Them’s Fighting Words

We have to thank wars and conflict for many of the popular words in our language today. During occupations our soldiers pick up slang; while fighting with another culture, we learn more about it and assimilate its words (quite the opposite of politicians’ intentions, I think).

World War II boosted the English vocabulary. The thing about world wars is that the participants are forced to be in contact with civilizations around the globe, whether they agree with those people and their ideologies or not. WWII first brought us blitz (1940, from German Blitzkriegsnafu (1941, military abbreviation, ‘situation normal, all f*cked up’), honcho (1947, from Japanese Hancho), and pin-up (1941, first was Dorothy Lamour). The atomic bombs created some menacing vocab: countdown, fallout, fission, fusion, mushroom cloud, and test site.

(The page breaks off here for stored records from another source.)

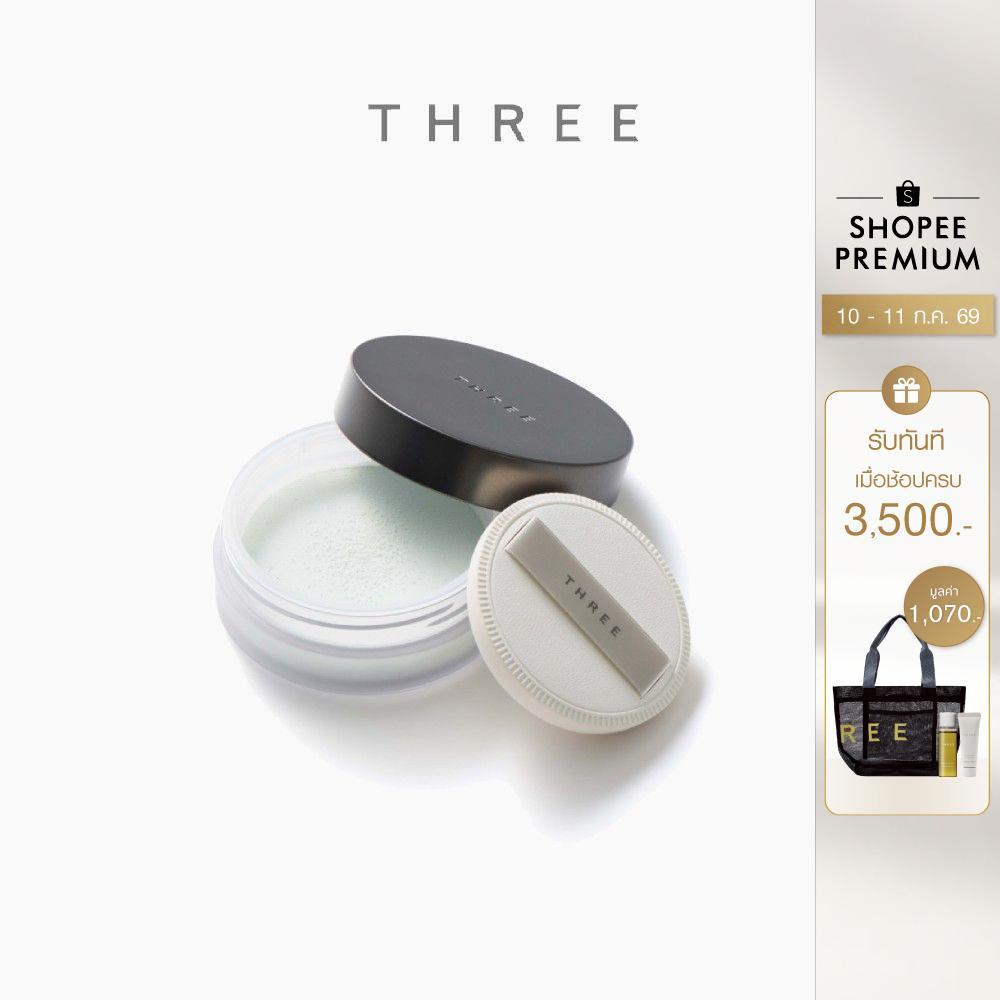( New ) THREE Advanced Ethereal Smooth Operator Loose Powder X04 10g อัพผิวไบร์ท เบลอรูขุมขน ช่วยคุมมัน
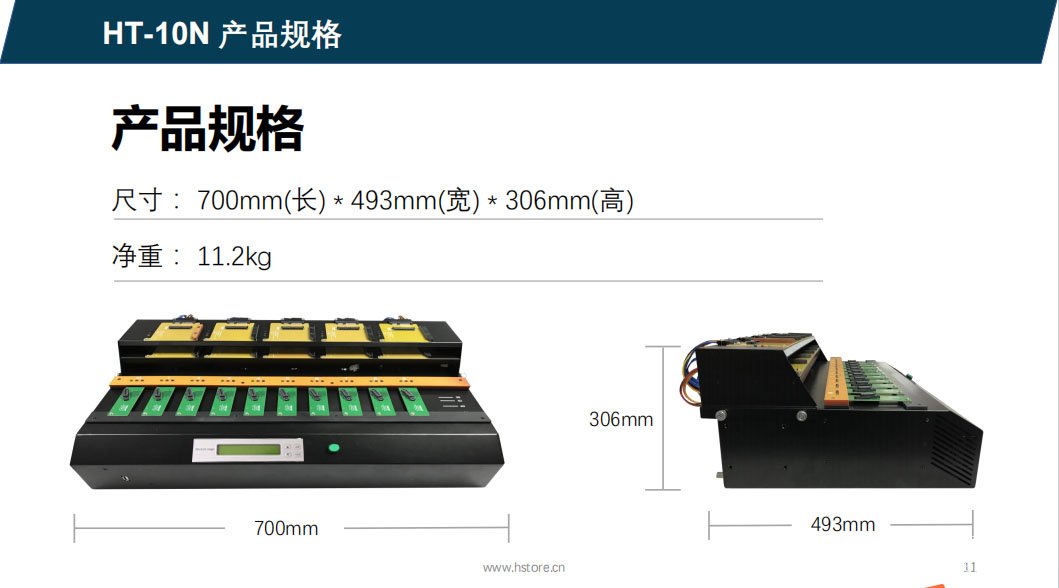 Hstorage NV-10S拷贝机,SATA&PCIe协议接口拷贝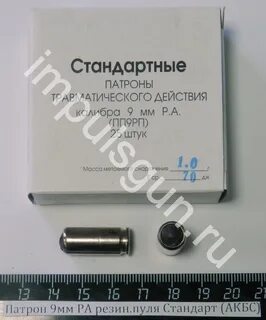 Стандартные патроны
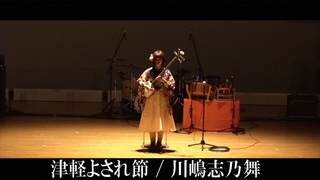 川嶋志乃舞 【津軽よされ節】 行方文化会館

Next came the Korean War. Also known as The Forgotten War or the Unknown War, this war had an ambiguous ending and it’s culturally disremembered in the US. Brainwashing is a term from this war. It’s a direct translation of the Chinese term xi nao (1950). Chopper, slang for helicopter, is military slang from the same period (1951). I’m guessing the term comes from the chopping action of the helicopter blades.

The Vietnam war created and introduced even more words: defoliate, domino theory, napalm. Some words took on new meanings: a situation escalates, pacification meant to wipe out resisters, and hawks and doves were pro- or anti-war. Nixon’s use of the phrase the silent majority caused a wide spread of the phrase after a presidential address.

I got the idea for this post from a book I’m reading: The Story Of English by Robert McCrum, Robert MacNeil, and William Cran.

0 Comments Add Yours ↓

  1. 1

    this is really interesting maggie. my dad was an airman, and i grew up with SNAFU in the vocab. cool to know where it comes from!

  2. 2

    my dad says “fubar” = f*d up beyond all recognition. what say you word guru? is FUBAR in your books?